Film Review

Syriana
Written and directed by Stephen Gaghan
Warner Bros.
2005
Rating:




The advertisements for "Syriana" — in which Tim Blake Nelson's oil executive character gives a "Wall Street"-like speech about the safety and warming properties of corruption — make the film seem like it, at best, exists in an echo chamber, offering ideas that will rally the liberal choir while being too leftist to covert the minds of conservatives.

"Syriana" turns out to be something far worse: it has no real ideas at all.

Writer-director Stephen Gaghan, an Oscar-winner for his script for the similar and far superior "Traffic," has crafted a complicated and well-researched movie that's alarmingly devoid of coherence and, more destructively, people.

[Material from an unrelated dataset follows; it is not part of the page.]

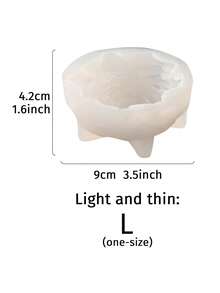 1件/2件/4件3D牡丹花蜡烛硅胶模具，手工皂，玫瑰蛋糕装饰烘焙工具 - 無色 - 查看 11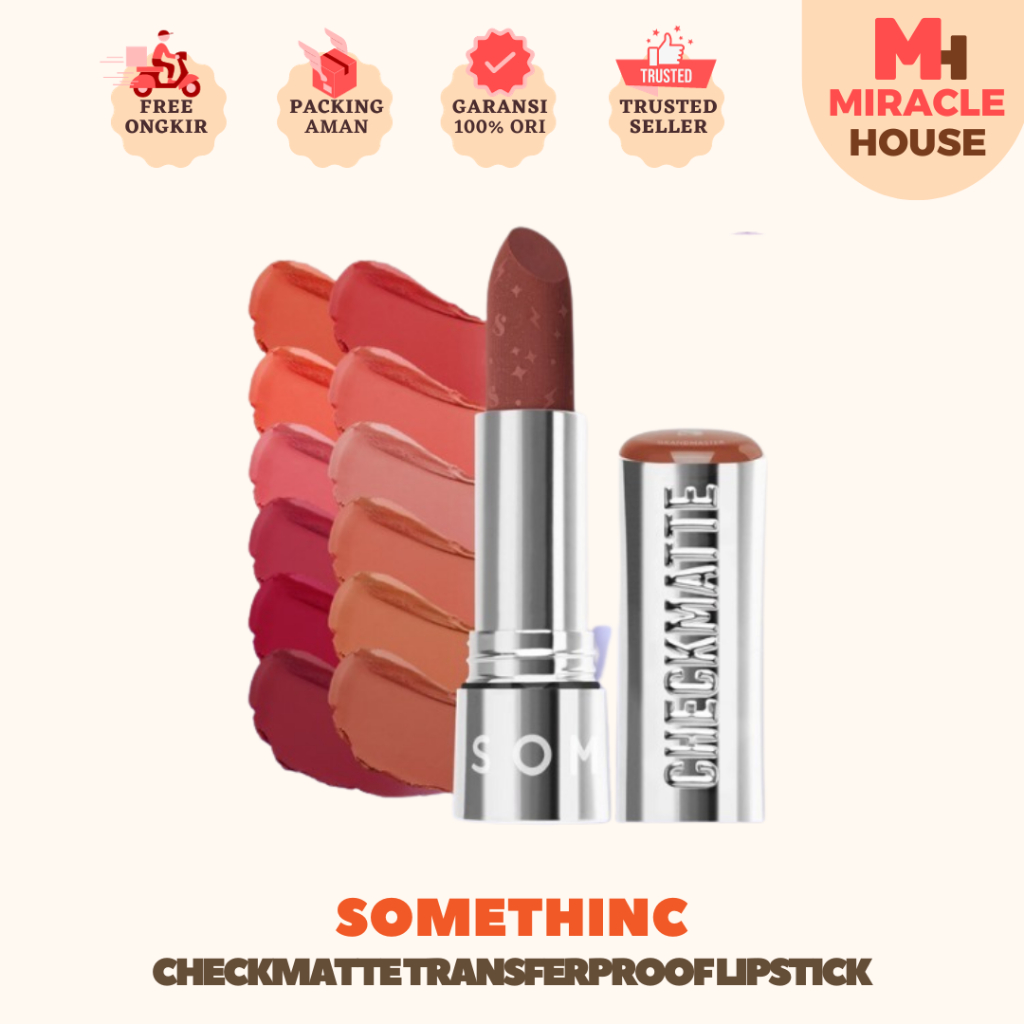 ✨Miracle House✨ Somethinc Checkmatte Check Matte Transferproof Lipstick bpom original Lipstik Lip Ti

Make no mistake. "Syriana" is over-stuffed with characters. The only worthwhile subplot features Bob Barnes (George Clooney), a CIA agent who belatedly discovers the corruption of his company while dealing with a son who hates him. Then there's Bennett Holiday (Jeffrey Wright), an attorney researching the legality of a corrupt oil company merger while dealing with an alcoholic father (William Charles Mitchell) who hates him. There's Bryan Woodman (Matt Damon), a mildly corrupt energy consultant to Middle Eastern Prince Nasir Al-Subaai (Alexander Siddig) who's dealing with the death of his young son and a wife (Amanda Peet) who hates him for capitalizing on the tragedy. And, in a barely related subplot that wishes it was half as profound as the 1999 Indian film "The Terrorist," a Pakistani immigrant worker (Mazhar Munir) becomes a terrorist when the oil merger causes him to lose his job.

Yes, there are many characters in "Syriana," but no people. Unfolding with the depth of an ADD-addled "Anderson Cooper 360" special report, "Syriana" bounces from subplot to subplot with little concern for whether the audience can follow along or even care about what's happening. For the first hour, scenes barely last more than a minute and rarely contain anything more substantial than a depiction of a mundane occurrence or a random factoid of dubious veracity.

Seldom has a film so anxious to engage the moviegoing public in political debate so actively discouraged audience participation.